**Problem description:** Transcribe the listing exactly, so that nothing but the pictures is missing.

**Given material:**
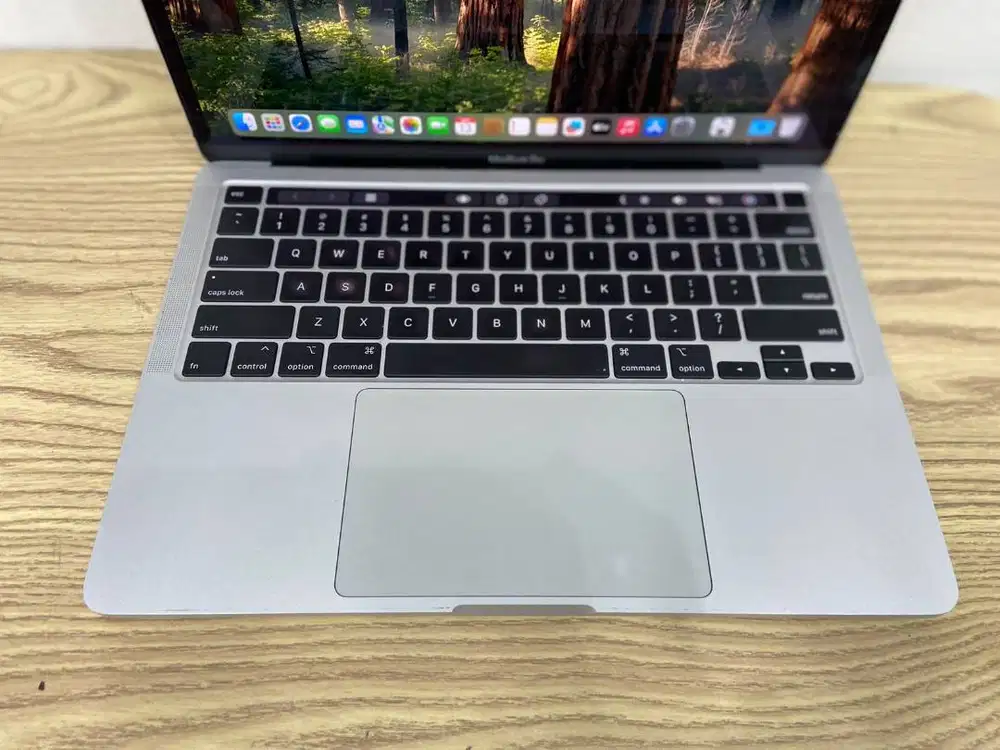 Macbook pro 2020 touchbar 13inc quad core i5 ram 16gb ssd 512gb 13.3in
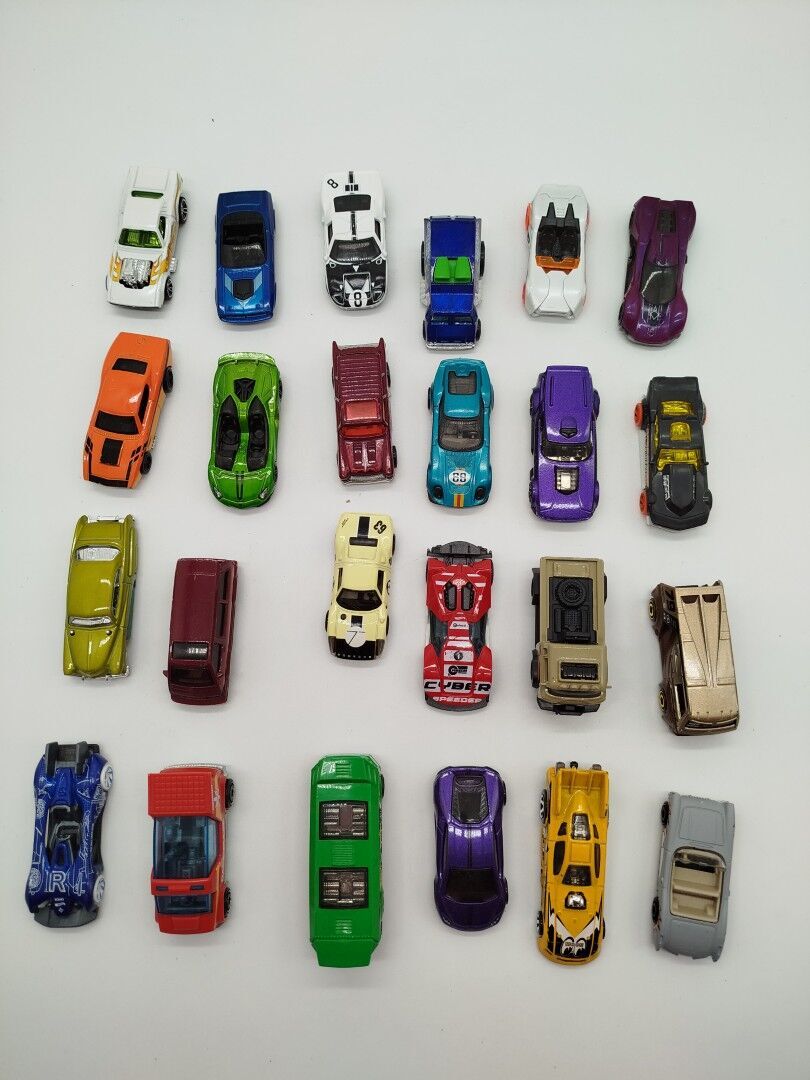 Hot Wheels Miniaturautos Set von 24 Fahrzeugen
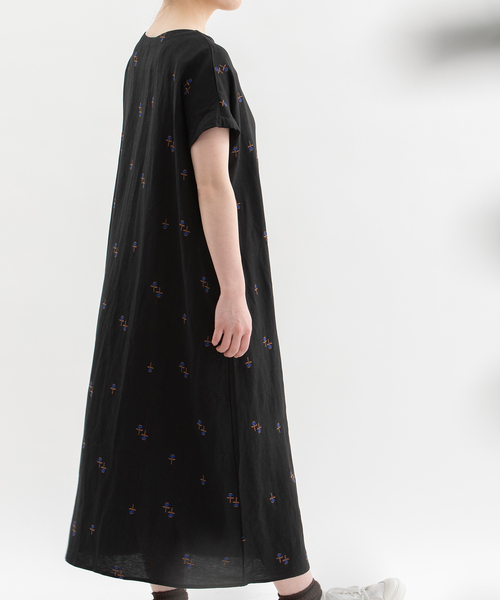 nop de nod(ノップドゥノッド)の「リネンレーヨン花刺繍2wayワンピース(ワンピース・レディース・ブラック/キャメル/ダークブルー・M)」の12枚目の写真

**Answer to this exercise:**
 Macbook pro 2020 touchbar 13inc quad core i5 ram 16gb ssd 512gb 13.3in
 Hot Wheels Miniaturautos Set von 24 Fahrzeugen
 nop de nod(ノップドゥノッド)の「リネンレーヨン花刺繍2wayワンピース(ワンピース・レディース・ブラック/キャメル/ダークブルー・M)」の12枚目の写真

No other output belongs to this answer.